ランチが終わると、投資家訪問だ。今日はデンマークの年金基金にお邪魔する。さっそくオフィスビルに5人でのりこみ、受付ロビーで名前を書く。

受付のソファーに座りながら、どんな人が出てくるのだろうと楽しみにしていると、美女が登場した。

事前情報として「ベテランの初老の男性が投資家のイメージです」という話であったので、みんな「おお!」という顔をして、ホクホクしながらオフィスに入っていく。野村証券2名は受付で待機し、社長、IR部長、ぼくの3名で入る。

オフィスで席につくと社長がさっそくプレゼンだ。「30分くらいで大まかな説明をさせてくれ」と言いつつ、結局1時間くらい話していた。

この人は話し始めると時間を無視して話し続ける癖がある。パステルカラーのボーダーセーターを着た美女との質疑応答の時間は活発にならず、ひとことふたこと質問して終了した。

3)コペンハーゲンを散策

本日は、一件だけの訪問のため時間に余裕があり、みんなで旧市街フラフラと探索する。その流れでコペンハーゲンで有名なミュージアムに一同入館した。

入ってみると、驚くほど小さく、こじんまりしたミュージアムだ。そのメインルームには、タッチパネル式のテレビが10台ほど設置されており、それをタッチすると歴代のノーベル受賞者が閲覧できる。

そのスクリーンを1900年から歴史を追ってみると、経済学賞が1960年代から登場し始めたことに気付く。

物理、化学、などは昔からあるが、経済学はつい最近登場した項目のようだ。いまは経済が人間社会の根底にある。

しかしながら、経済学が学問になったのはここ数十年であり、また経済の軸であらゆるものが語られるのは最近のことなのだろう。逆に言えば、経済という概念は、以前はそこまで強くなかった。

そこには、なんらか別の軸で社会が構成され、経済活動以外の営みがあったはずだ。

人間は、今の環境がすべてだと思ってしまう性質がある。長い時間軸で過去を振り返り、そして未来に活かすことは大切な思考。

経済という概念がない社会に思いをよせ、あれこれ考えて、そんなことを思った。遠い未来では2013年では考えもしない新しい概念が社会の根底に根付いているのかも知れない。
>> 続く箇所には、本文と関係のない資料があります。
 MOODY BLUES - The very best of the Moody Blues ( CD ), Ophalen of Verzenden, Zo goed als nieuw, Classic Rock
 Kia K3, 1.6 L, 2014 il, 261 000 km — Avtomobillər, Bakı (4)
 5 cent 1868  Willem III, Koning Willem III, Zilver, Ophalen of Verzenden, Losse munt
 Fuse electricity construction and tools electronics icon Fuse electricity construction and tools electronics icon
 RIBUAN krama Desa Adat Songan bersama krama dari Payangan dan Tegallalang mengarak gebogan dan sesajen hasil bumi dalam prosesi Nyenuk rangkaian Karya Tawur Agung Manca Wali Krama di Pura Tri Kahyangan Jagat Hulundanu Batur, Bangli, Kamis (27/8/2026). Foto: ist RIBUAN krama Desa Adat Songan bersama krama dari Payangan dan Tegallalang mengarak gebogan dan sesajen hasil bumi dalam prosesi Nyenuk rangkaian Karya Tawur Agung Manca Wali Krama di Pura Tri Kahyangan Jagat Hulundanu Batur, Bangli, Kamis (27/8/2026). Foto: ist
社長も熱心に画面を覗いている。この人は本当に好奇心旺盛だ。感銘を受けた言葉を手帳に書き留めており、後で話してくれた。2つのフレーズだ。

The ship would keel over and sinks without heavy cargo on board, likewise our life goes smooth with a lot of pain and suffering.

〇Life is just like a bicycle, if you don’t like to fall down, just keep pedaling.

人生についてのフレーズだ。同じようなことを徳川家康が「人の一生は 重き荷を負うて 遠き道を往くが如し」と言っていた。世界中、同じようなことを思うようだ。

晩御飯は近くのレストランで北欧料理。これも驚くほど美味かった。晩御飯も食べ終わり、さぁ寝ようとホテルのロビーで解散しようとしたら、「ウィスキー飲みましょうか?みなさん、」とホテルのバーで小一時間ほど、社長を囲んであーやこーや世間話をする。

バーを解散したのちも「おれの部屋は変わっているから見に来いよ、おい」と言われ、そのまま部屋に入ると「もう一杯」ということになり、最後まで付き合って、その日を終えた。この日も長い一日だった。

4)コペンハーゲンの投資家訪問。出張最終日

今日は投資家を2件訪問だ。

このところ、コペンハーゲンに日本企業が投資家訪問に来ている。もともと投資が集まっているのはロンドンだ。ロンドンが金融中心地でヨーロッパの投資家7,8割はそこにいる。

ただ、激戦区となっているため、当社はロンドンを避けて、各国の投資家を別々に回った方が目立つし、効果的だという判断からIRツアーを行っている。

 当社には、大型投資の予定がある。プラントに巨額の資金が必要になる。いまは小さな投資額で、自腹の資金で投資が行われているが、今後、順調にプロジェクトが進んでいけば、いずれ社運をかけた投資を行わざるを得ない。この資金をどのように捻出するか、大きな経営課題だ。

このIRツアーがその投資を引き出すための根回しになっているかは分からないが、いざとなったときに効いて来るのかもしれない。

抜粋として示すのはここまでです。